The conditional DDIM follows a forward diffusion process that gradually adds Gaussian noise to the original gene expression vector (x₀) over 1,000 steps, separating cell types into Gaussian‑like clusters while preserving Z_sem‑driven biological variation. The reverse diffusion uses a sinusoidal position‑embedded noise‑prediction network (ε_θ) conditioned on time step t and Z_sem to denoise x_T back to a biologically meaningful transcriptome.
Training Procedure
Training minimizes a noise‑prediction loss using the Adam optimizer (learning rate 1×10⁻⁴) on GPU. Time steps and semantic variables are jointly modulated, enabling the model to generate continuous cellular trajectories.
Performance Advantages
Compared with traditional variational autoencoders, Squidiff does not assume a Gaussian prior, captures complex expression patterns via fine‑grained denoising, and improves F1 scores for rare cell types (<5% abundance) by 27%. A novel “gradient interpolation” strategy linearly combines semantic variables in latent space to produce continuous differentiation paths, revealing transient states such as mid‑endoderm precursors that conventional models miss.
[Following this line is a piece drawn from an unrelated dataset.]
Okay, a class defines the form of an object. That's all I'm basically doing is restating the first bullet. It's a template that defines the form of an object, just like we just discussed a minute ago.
Two latent‑variable manipulation modes are provided: “addition” adds a perturbation direction ΔZ_sem to a baseline representation, shifting the gene‑expression distribution; “interpolation” linearly interpolates between vectors to generate smooth intermediate states.
Multi‑Scenario Validation
Cell‑differentiation prediction: Using the iPSC‑to‑endoderm dataset, Squidiff trained on days 0 and 3 accurately reconstructed days 1‑2 intermediate states, correctly down‑regulating pluripotency marker MMOG, up‑regulating endoderm factor GATA6, and transiently expressing mesoderm marker DBX1. The generated transcriptomes aligned closely with the true developmental trajectory.
Gene and drug perturbation prediction: In the K562 double‑knockout experiment, Squidiff predicted non‑additive effects without prior knowledge, outperforming existing methods. For drug experiments, the model inferred combination‑drug synergy from single‑drug data and identified a specific effect of Pabistatin on tumor cells. Using the SMILES‑based adapter, Squidiff predicted responses to the unseen drug sglt1 with performance comparable to specialized models.
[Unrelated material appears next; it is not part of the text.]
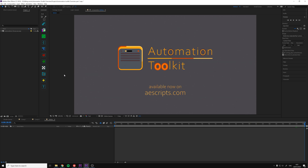Hello everyone, and thanks for checking out Automation Toolkit. I am Alon and I created Automation Toolkit.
Blood‑vessel organoid (BVO) modeling: Trained only on day‑0 and day‑11 iPSC‑derived BVO data, Squidiff reproduced differentiation trajectories of endothelial, fibroblast, and mural cells and uncovered an intermediate mural‑to‑endothelial transition missed by traditional approaches. Gene‑expression changes matched known developmental patterns.
Radiation damage and protection: With training limited to endothelial cells, Squidiff accurately forecasted radiation effects on all cell types, showing higher sensitivity in early‑development cells. In G‑CSF protection simulations, the model revealed pathway‑specific protective mechanisms: angiogenesis activation in fibroblasts, apoptosis inhibition in endothelial cells, and genome‑stability enhancement in mural cells. Experimental validation confirmed a significant reduction in cell death after G‑CSF treatment.
Implications
These systematic experiments demonstrate that Squidiff reliably predicts transcriptional changes across diverse biological scenarios, captures transient cellular states, and generalizes to unseen perturbations, providing a powerful computational tool for precision and regenerative medicine.